Staff and space directly translate into a center’s capacity to provide slots for children at each age group and are the two most important (and most expensive) components of a high-quality child care experience. This summer, Reinvestment Fund and Public Health Management Corporation released a new guide to provide currently operating child care providers or prospective providers in Philadelphia with information for the planning and design of high-quality early childhood spaces.

Early childhood spaces, if well designed, can encourage a child’s social, physical, language and cognitive, creative, and emotional development through play and learning in a healthy, safe, stimulating, and aesthetically pleasing environment. Space that fosters exploration through physical arrangement and child-sized furniture and materials can increase the complexity and sophistication of play and the amount of time children spend in complex play, which is how young children learn.  Equipment and toys that are well-designed and thoughtfully organized can increase children’s attention spans and improve cooperative group play. Adequate quiet space with soft materials and furniture that are visually set apart may support a homier feel and increase interaction with books.  Sufficient duplicates of toys and small centers encourage cooperation and discourage tussles over possession.  Circulation paths can ease transitions between activities and spaces, reducing behavior problems and keeping children safe.  Outdoor space has a particular importance in offering children many more opportunities for particular types of play experiences, including the most complex form of interactive peer play, more readily than the classroom.

Conversely, when problems occur over and over, the design and arrangement of the space could be part of the trouble.2 Crowding is associated with children’s attentional deficits and more time off task.  Open plans are similarly associated with distraction and off-task time, plus are noisier.

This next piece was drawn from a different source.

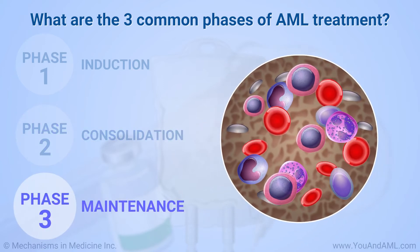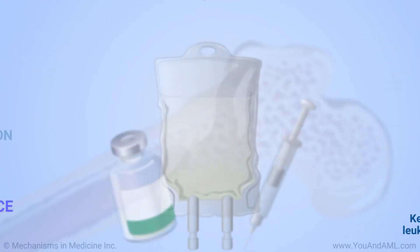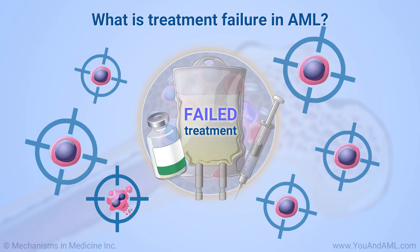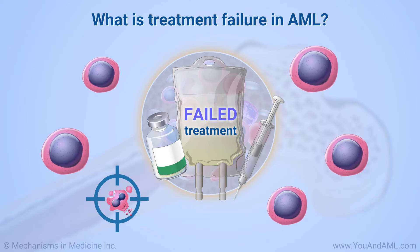Maintenance chemotherapy after consolidation may help keep AML from coming back by killing more leukemic cells or keeping them to a low level. Treatment failure occurs when your AML treatment is not successful in eliminating all the leukemia from your bone marrow after initial therapy, also known as induction chemotherapy.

Noise (chronic and acute high levels) may harm children’s memory and recall, perhaps by reducing attention and ability to tune out distractions, and can contribute to cognitive development problems.  Crowding and noise also correlate with a rise in cortisol (a stress hormone) over the morning period and may reduce compliance.  

Crowding, noise, and other space problems might reduce the amount and quality of adult-child interactions.  Teachers are the most critical element for children and are likely better able to do their jobs well in a well-designed space. High noise levels are a common teacher complaint.  Teachers working in loud classrooms report greater fatigue, annoyance, and less patience, and teaching time is lost and teaching styles may be altered. 

Early childhood spaces can also be designed to be friendly to families.  Welcoming entrances and sufficient space for greeting and parting, security features, and planned places to organize children’s belongings, such as cubbies near the entrance, are elements that should not be forgotten in the design stages.

Of course, a center has to meet licensing and regulatory requirements.  Centers are inspected by everything from the fire department to the Department of Public Health’s Office of Food Protection.  Food safety, hygiene in toileting and diaper changing, prevention of the spread of germs, and support of healthy sleep and rest all start with the design of the space. Teachers need to be able to supervise children, and things like transparent barriers, low-level partitions, dividers, toilets, and sinks in the classroom can increase visibility, allow ratios to be maintained, and lessen program interruptions. 

Childcare Center Design Guide: A new resource

This new guide compiles licensing and regulatory requirements established by the Pennsylvania Department of Human Services (DHS) and the City of Philadelphia as a resource to centers with plans to expand or renovate spaces in a current program, purchase and renovate existing non-childcare facilities, or design and construct a new center. 

The guide also compiles best practice recommendations from three resources:  the National Association for the Education of Young Children’s accreditation standards (NAEYC), the Caring for Our Children health and safety standards, and the Environment Rating Scales’ (ERS) quality indicators, which are widely used observational assessment tools including in Pennsylvania’s Keystone STARS.  Among other factors, the ERS assesses how well indoor space meets the needs of children and staff as well as the arrangement of the room for play and learning. In STARS centers, Space and Furnishings scores positively correlate with assessments of children’s learning and development. In one example, ERS scores at the Jolly Toddlers center suggest how positive staff-child interactions and developmentally appropriate room arrangement and indoor space can support positive child behavior. 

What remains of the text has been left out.